Russian nationalists have accused their government of "treason" after the Kremlin released more than 200 Ukrainian prisoners of war in exchange for one of Vladimir Putin's friends.
Volodymyr Zelensky, the president of Ukraine, said last night that he agreed to hand over Viktor Medvedchuk if Russia freed 200 Ukrainians who fought in Mariupol and the Azovstal steel works.
Among the most high profile critics is Ramzan Kadyrov, the leader of Chechnya and formerly one of the Kremlin's biggest supporters.
In a post on his Telegram channel, he condemned Putin for agreeing to an exchange on Ukrainian terms, saying: "Our fighters crushed fascists in Mariupol, drove them into Azovstal, smoked them out of basements, died, were wounded and contused. H anding over even this one Azov terrorist should have been unacceptable ."
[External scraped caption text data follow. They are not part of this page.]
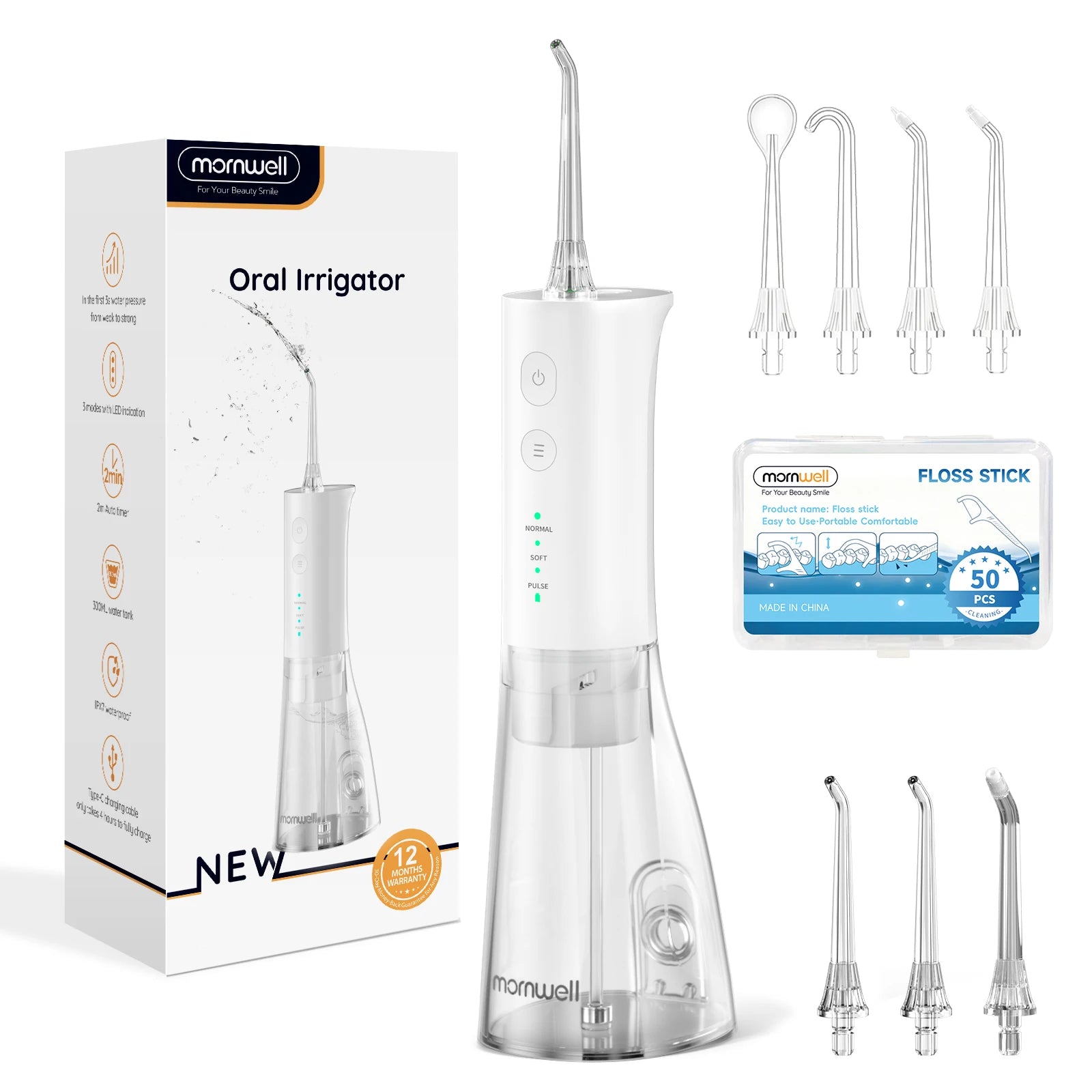 Portable Water Flosser Rechargeable Oral Irrigator for Adults at Home or Travel - 14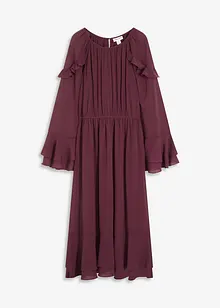 Chiffonkleid mit Volants, bonprix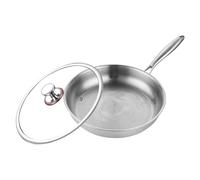 Generisch Cooking Pans - Non Stick Frying Pan | Titanium Pan for Busy Families, Heat Resistant Cooking Skillet with Lid, Kitchen Cookware, Non Stick Cookware for Meal Prep, Home Cooks and Beginners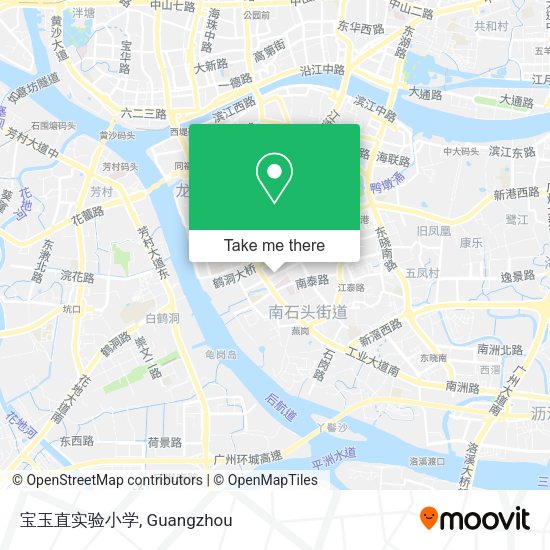 宝玉直实验小学 map
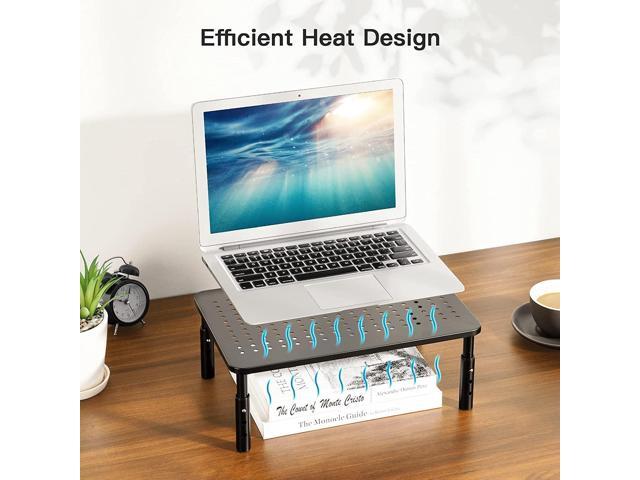 HUANUO Monitor Stand, Monitor Stand Riser 3 Height Adjustable, Monitor Riser with Airflow Vents, Laptop Stand for Desk, Laptop Riser, Desk...
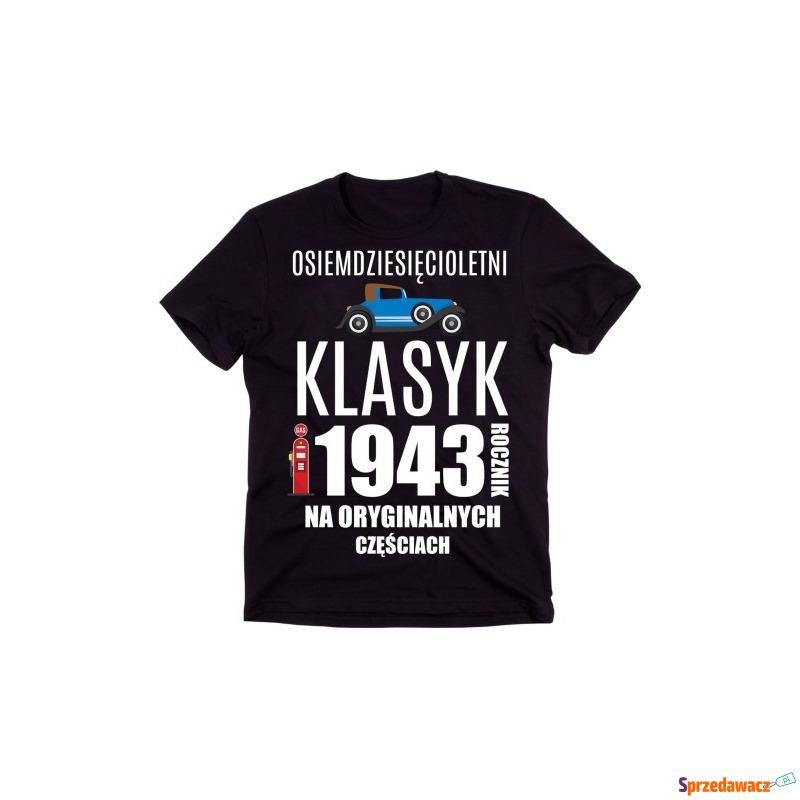 męska koszulka na 80 urodziny - Bluzki, koszulki - Legnica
The news was greeted with fury among right-wing Russian war bloggers. Rybar, one of the most influential of the anonymous war bloggers, wrote: “Very fortunate on the day mobilisation is announced to see at liberty those who will again shoot at Russian soldiers.”
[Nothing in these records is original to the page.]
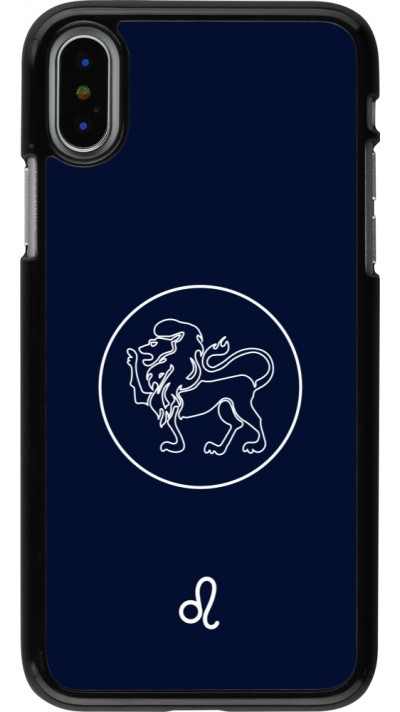 Coque iPhone X / Xs - Astrologie Lion
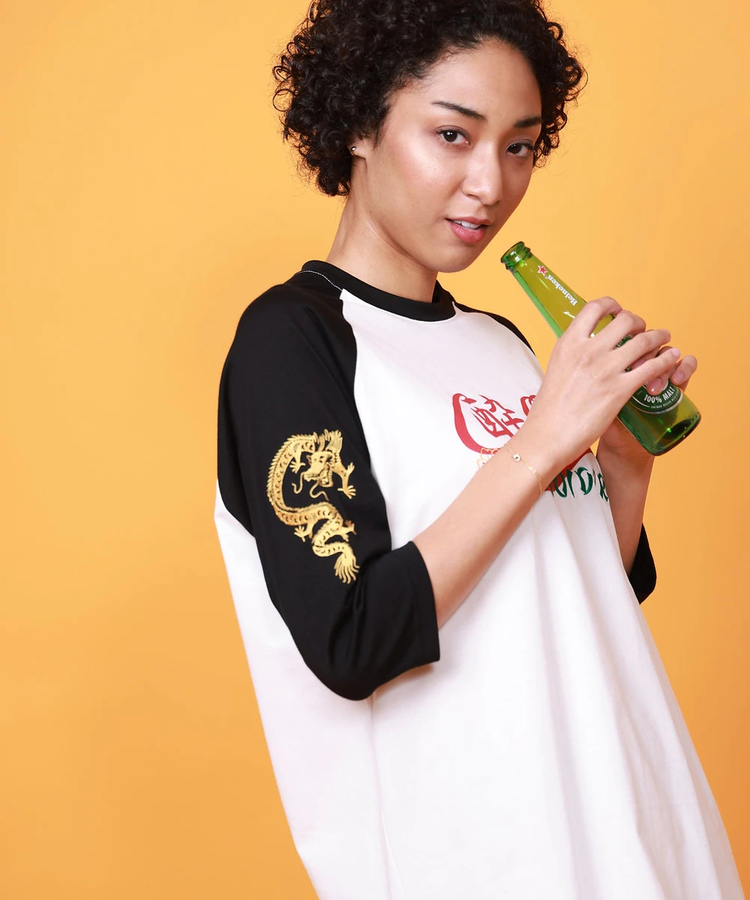 YOIDORE/酔いどれ チベタン ラグラン 7分 TEE (MENS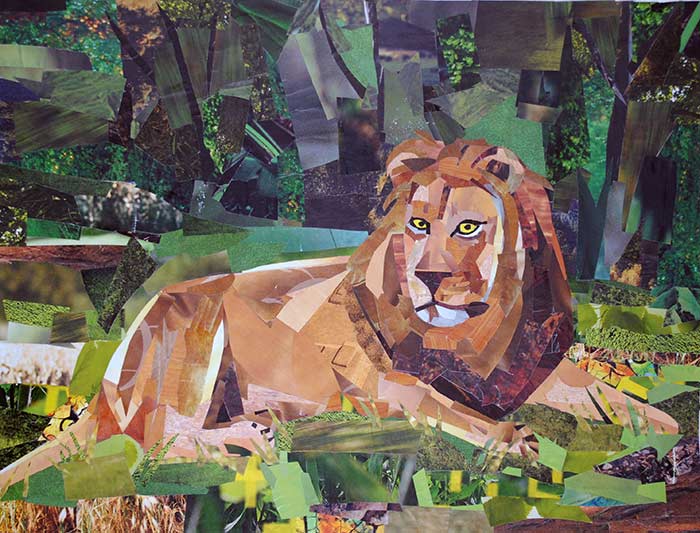 King of the Jungle by collage artist Megan Coyle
Military Observer, a Telegram war channel, called it an “extremely strange and short-sighted decision” that would undermine Kremlin justifications for mobilisation.
Igor “Strelkov” Girkin, a f ormer Russian officer, called the deal “treason”.
One reason for the anger is that many of those released were from the Azov regiment, which Russian propaganda paints as neo-Nazi and uses as a justification for the invasion.
Viktor Medvedchuk is a Ukrainian businessman and politician who acted as a broker between Kyiv and Moscow. He is close to Putin, who is the godfather of his youngest daughter. He was arrested for treason last year. He escaped house arrest but was found posing as a Ukrainian soldier.
Meanwhile, Germany is preparing to take in Russian dissidents refusing to fight in Ukraine after Putin’s mobilisation sparked a mass exodus of military-age men.
The German government said it would continue to offer political asylum to those who opposed the war, as the cost of air fares from Russia soared and border crossings with Finland and Georgia became jammed.
Germany said it would be ready to take in more people after Putin signalled 300,000 reservists could be called up.
Nancy Faeser, Berlin’s interior minister, said: “Deserters threatened with serious repression can, as a rule, obtain international protection in Germany.
“Anyone who courageously opposes Putin’s regime and thereby falls into great danger, can file for asylum on grounds of political persecution.”
She said applicants would be subject to stringent security checks.